▶ [Instructions to follow]
Your job with the data below: print everything from the line that holds "this 1200×900 image." down to the line that holds "this 700×500 image.", ends included, exactly, and nothing else.

● ● ● ● ● ● ●

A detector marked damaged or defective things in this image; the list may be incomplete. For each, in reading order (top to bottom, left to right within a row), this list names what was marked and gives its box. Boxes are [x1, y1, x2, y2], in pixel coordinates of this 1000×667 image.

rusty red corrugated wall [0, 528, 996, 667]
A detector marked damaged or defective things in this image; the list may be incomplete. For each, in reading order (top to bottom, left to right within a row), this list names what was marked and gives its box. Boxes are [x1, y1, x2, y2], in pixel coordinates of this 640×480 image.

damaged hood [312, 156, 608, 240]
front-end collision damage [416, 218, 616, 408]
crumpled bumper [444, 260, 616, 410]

● ● ● ● ● ● ●

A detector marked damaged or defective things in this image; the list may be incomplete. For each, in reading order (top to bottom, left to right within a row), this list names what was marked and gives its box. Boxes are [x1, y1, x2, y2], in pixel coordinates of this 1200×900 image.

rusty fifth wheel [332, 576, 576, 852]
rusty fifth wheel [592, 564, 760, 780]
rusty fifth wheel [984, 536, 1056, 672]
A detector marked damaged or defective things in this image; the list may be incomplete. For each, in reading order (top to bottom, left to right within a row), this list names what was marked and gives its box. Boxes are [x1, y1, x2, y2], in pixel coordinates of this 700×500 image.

● ● ● ● ● ● ●

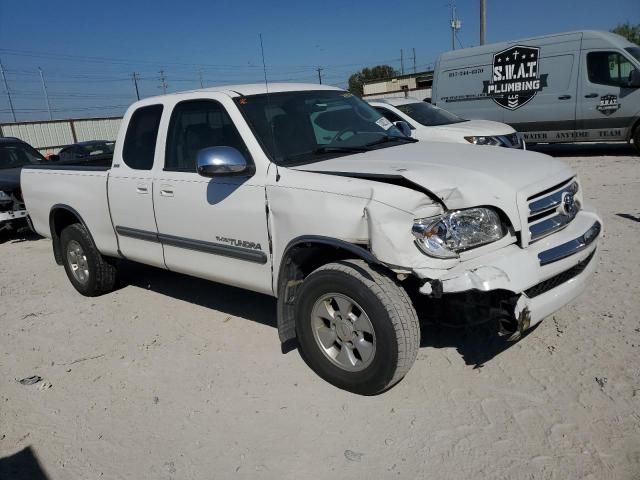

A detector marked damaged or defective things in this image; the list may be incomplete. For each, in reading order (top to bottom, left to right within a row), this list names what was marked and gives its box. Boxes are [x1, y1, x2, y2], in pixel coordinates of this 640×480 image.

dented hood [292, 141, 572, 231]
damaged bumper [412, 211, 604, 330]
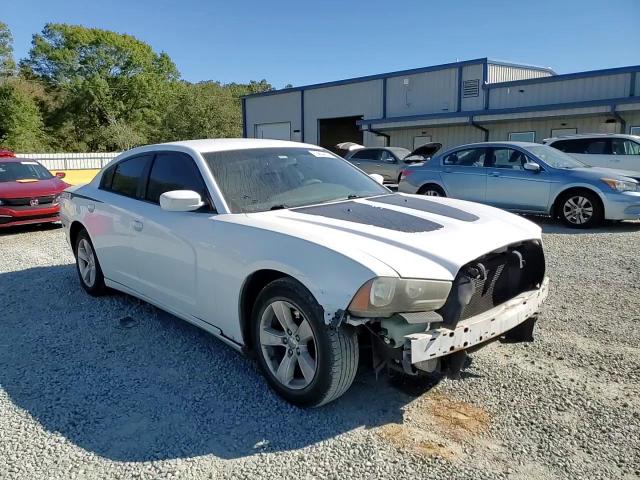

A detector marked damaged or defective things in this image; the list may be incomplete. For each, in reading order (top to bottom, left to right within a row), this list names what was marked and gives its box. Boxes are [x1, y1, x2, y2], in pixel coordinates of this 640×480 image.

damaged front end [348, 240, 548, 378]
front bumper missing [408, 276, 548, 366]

● ● ● ● ● ● ●

▶ [Finished task]
A detector marked damaged or defective things in this image; the list may be incomplete. For each, in reading order (top to bottom, left to right within a row), this list names what was marked and gives its box. Boxes are [x1, y1, x2, y2], in pixel coordinates of this 1200×900 image.

rusty fifth wheel [332, 576, 576, 852]
rusty fifth wheel [592, 564, 760, 780]
rusty fifth wheel [984, 536, 1056, 672]
A detector marked damaged or defective things in this image; the list may be incomplete. For each, in reading order (top to bottom, left to right within a row), this list names what was marked and gives its box. Boxes are [x1, y1, x2, y2], in pixel coordinates of this 700×500 image.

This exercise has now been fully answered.